We walked through the crowded studio and people didn’t move to let us pass, we had to say excuse me a lot and walk sideways with our hands up like crab-claws around manbags and jutting elbows. The studio was in a semi-derelict building just behind Oxford Road and through the grey-paned windows the grey city towers loomed like tired totems. Everyone at the party seemed to be wearing the same thick, black-rimmed glasses. The party was a private view — a launch for Nick’s new collection. He’d invited Tyler the previous night at the mill. Before or after your sex-face story? I asked. Oh, after, she said. But he’ll be disappointed if he thinks he’s in there. Too prissy for me. He’d be making a face like he didn’t understand because he wouldn’t actually understand.
‘Annihilations’ consisted of cushion-thick canvases hung from the walls at daring intervals. Splodges of dark oil paint on darker backgrounds, clumsy blobs and squares — they looked to me like large versions of micro-bacterial slides that a monkey had attempted to replicate with handfuls of baby shit. We reached a trestle table that didn’t look strong enough to support the two ice buckets teetering on its gummy surface. Tyler fished two beers from a bucket and opened them with her teeth. She had a tiny curved scar on her top lip — I imagined this was from removing a bottle-top inexpertly at some point. She handed me a beer and whispered: ‘Let’s not stay long. It’s all rather austere.’

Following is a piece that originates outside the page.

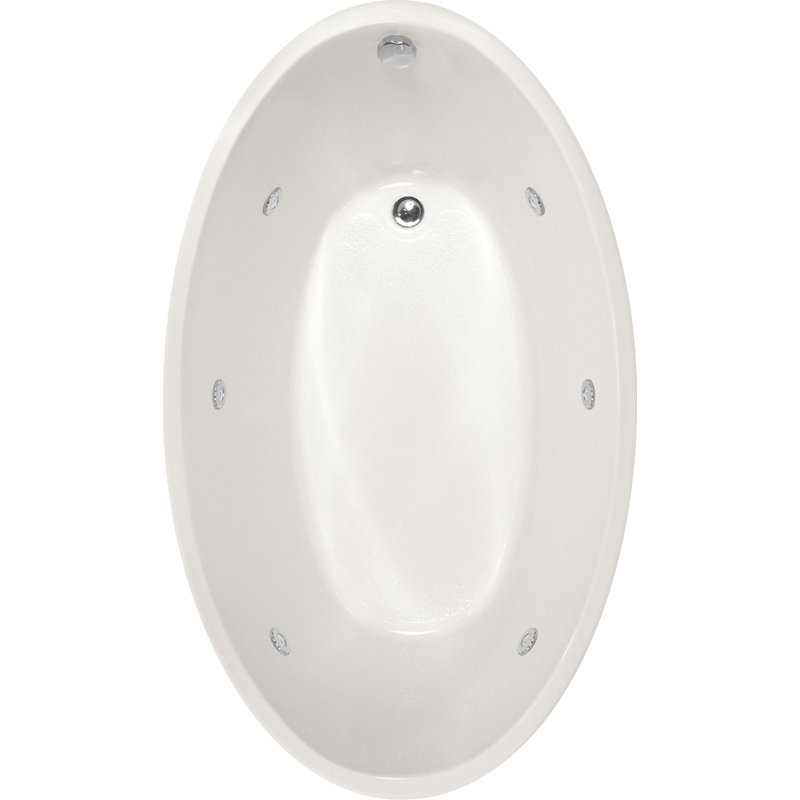 Carli 60'' x 36'' Acrylic Bathtub, Biscuit, Satin Brass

I clawed up a handful of peanuts from a bowl on the table and sprinkled them into my mouth.
‘What are you doing?’ said Tyler. ‘Do you not know that there will be hipster urine particles in there?’

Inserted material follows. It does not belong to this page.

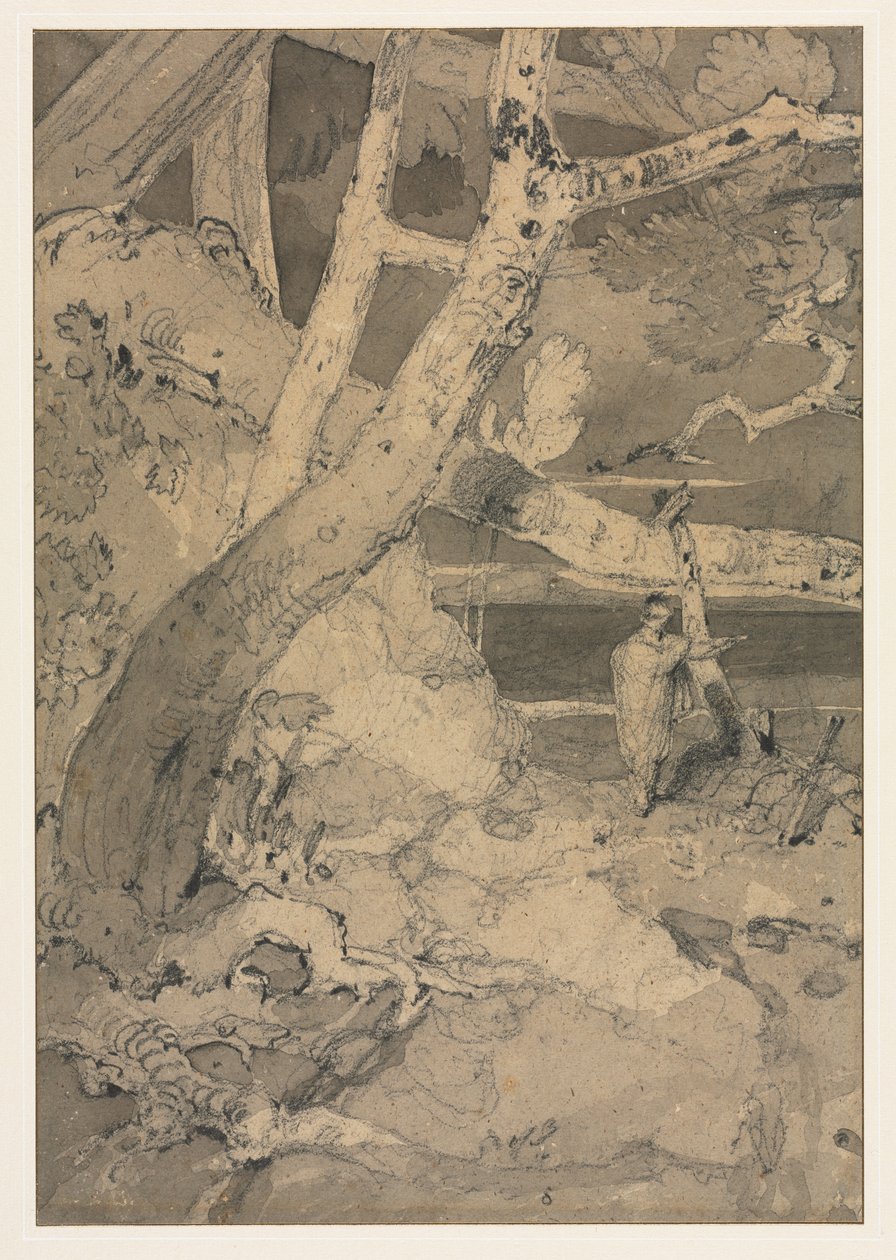 Rejsende i et skovlandskab, 1806. af John Sell Cotman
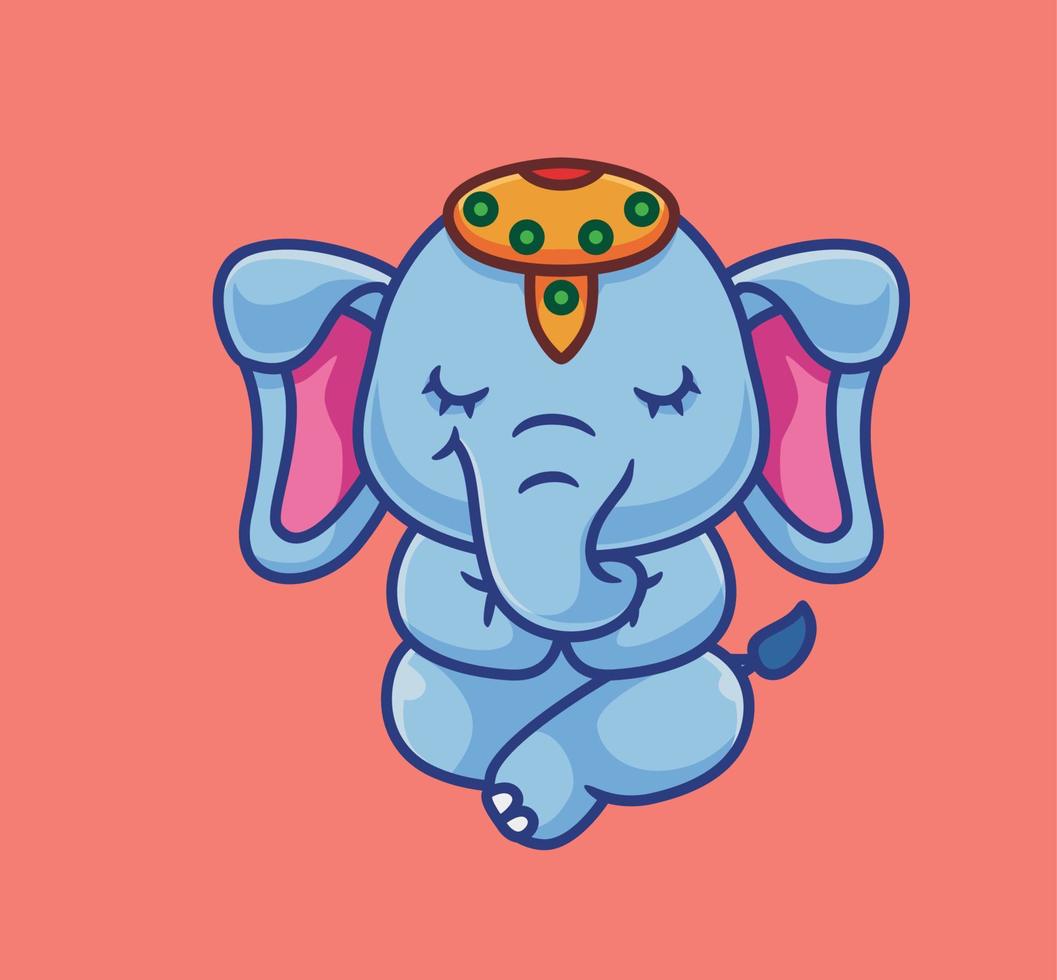 elefante fofo fazendo meditação. ilustração animal isolada dos desenhos animados. vetor de logotipo premium de design de ícone de adesivo de estilo simples. personagem mascote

I shovelled in another handful. She pressed a wrap into my other palm.
‘What’s that?’ I said, spraying nuts. The affectation of innocence was such a comfort sometimes. Still. The wrap was like a gauntlet, a glove thrown down, a dare.
When I was secure in a cubicle I uncurled my palm. What was this? As I carefully picked open the wrap I saw it was a flyer, the words gradually revealed. I jiggled the crystals around to decipher it in full.
THEMES OF THE EMBITTERED HEART: A Talk on W.B. Yeats by Professor Marty Grane, Goldsmiths University, London. Join us for a lunchtime lecture about the later works of the great Irish poet. The Georgian Library, Mosley Street. 4th May. 1 P.M. Free.
I stared at the words. Had Tyler done this on purpose, as a joke? This was going to be difficult. I could hardly bear to, it was so desecrating. I say hardly.
As I handed it back to her I said: ‘Was that flyer especially for me?’
‘What flyer?’
‘The one you’re using as a wrap.’
She looked confused. ‘I picked it up off a stack on the counter at work. I didn’t even look at it.’
‘Oh. It’s for a talk on Yeats in Manchester next month.’
‘Your favourite!’
‘Fancy it?’
‘Sure.’
Approximately twenty-three minutes later I was in the corner of the studio dancing by a tinny stereo to a song I didn’t know and didn’t care that I didn’t know, it had a beat and that was enough for me. I could work with it. I could work with anything. Tyler was eyeing up two boys and I have to say boys, they were doing their utmost to look like boys, in tight jeans by the window. She went over to them and I heard her shout: ‘What is it with young men and this knock-kneed flamingo stance? You clearly haven’t got enough Vitamin Me in your diets. Straighten your legs. Straighten your legs right now.’
There was a woman next to me, running on the spot, smiling. I ran with her, keeping my arms and legs in time with hers and in time with the music.